::: Data shown :::

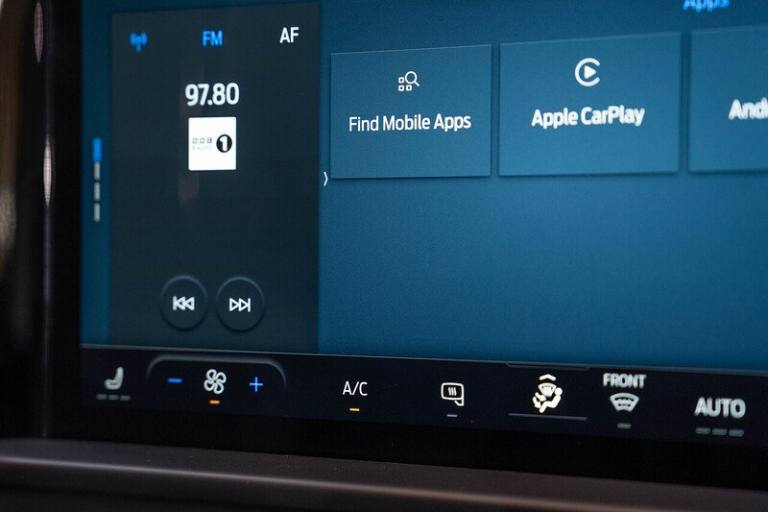  Ford Transit Custom 320 Limited L2 2.5L Auto Plug-in Hybrid Crew Cab HYBRID Automatic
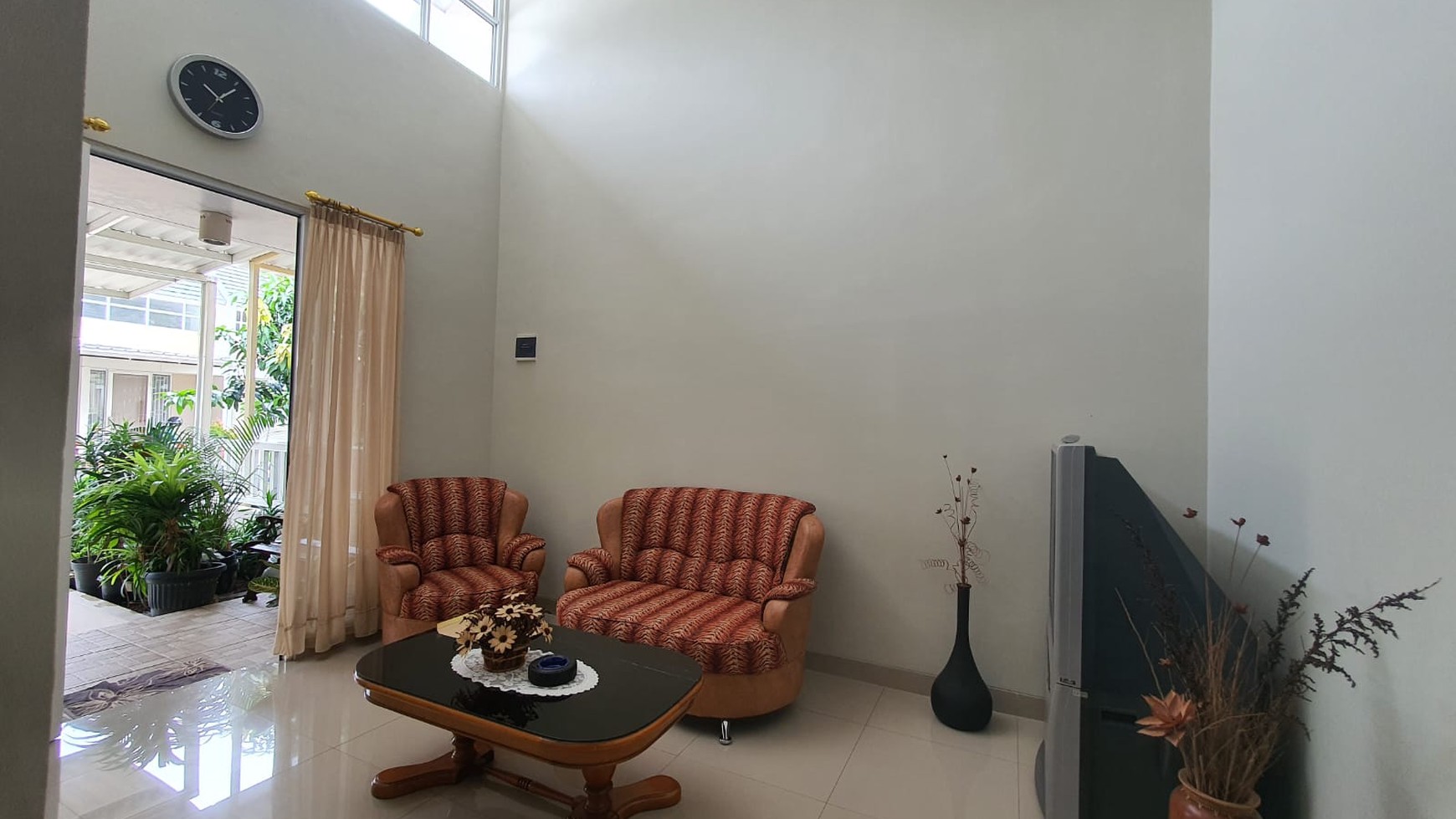 Rumah 2 lantai Furnished Jual Murah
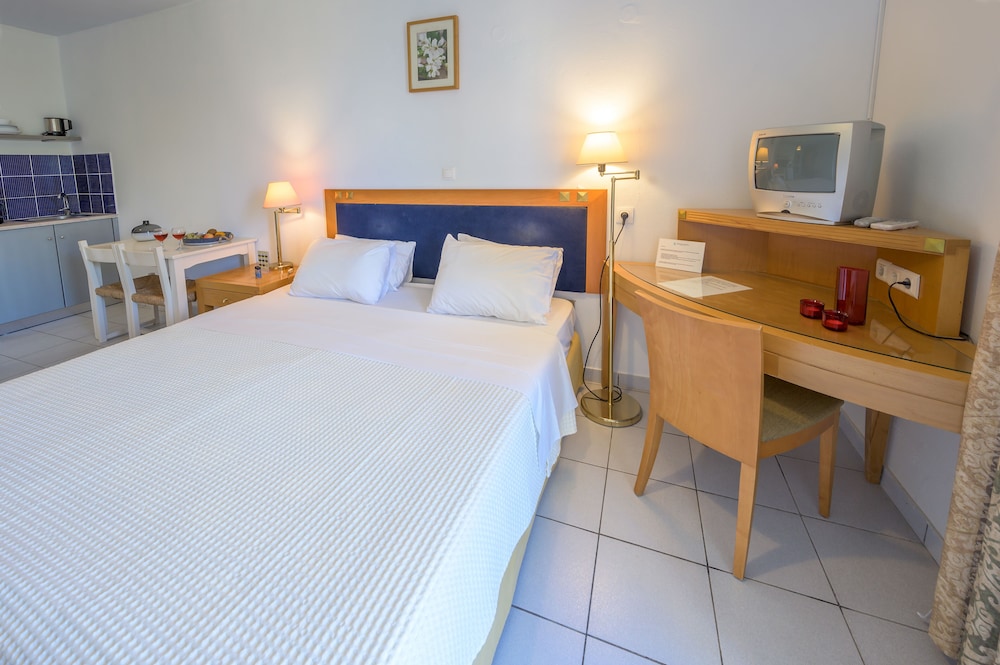 Double Room, Garden View photo 2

:::

Write the material out again word for word and omit any images.

  Ford Transit Custom 320 Limited L2 2.5L Auto Plug-in Hybrid Crew Cab HYBRID Automatic
 Rumah 2 lantai Furnished Jual Murah
 Double Room, Garden View photo 2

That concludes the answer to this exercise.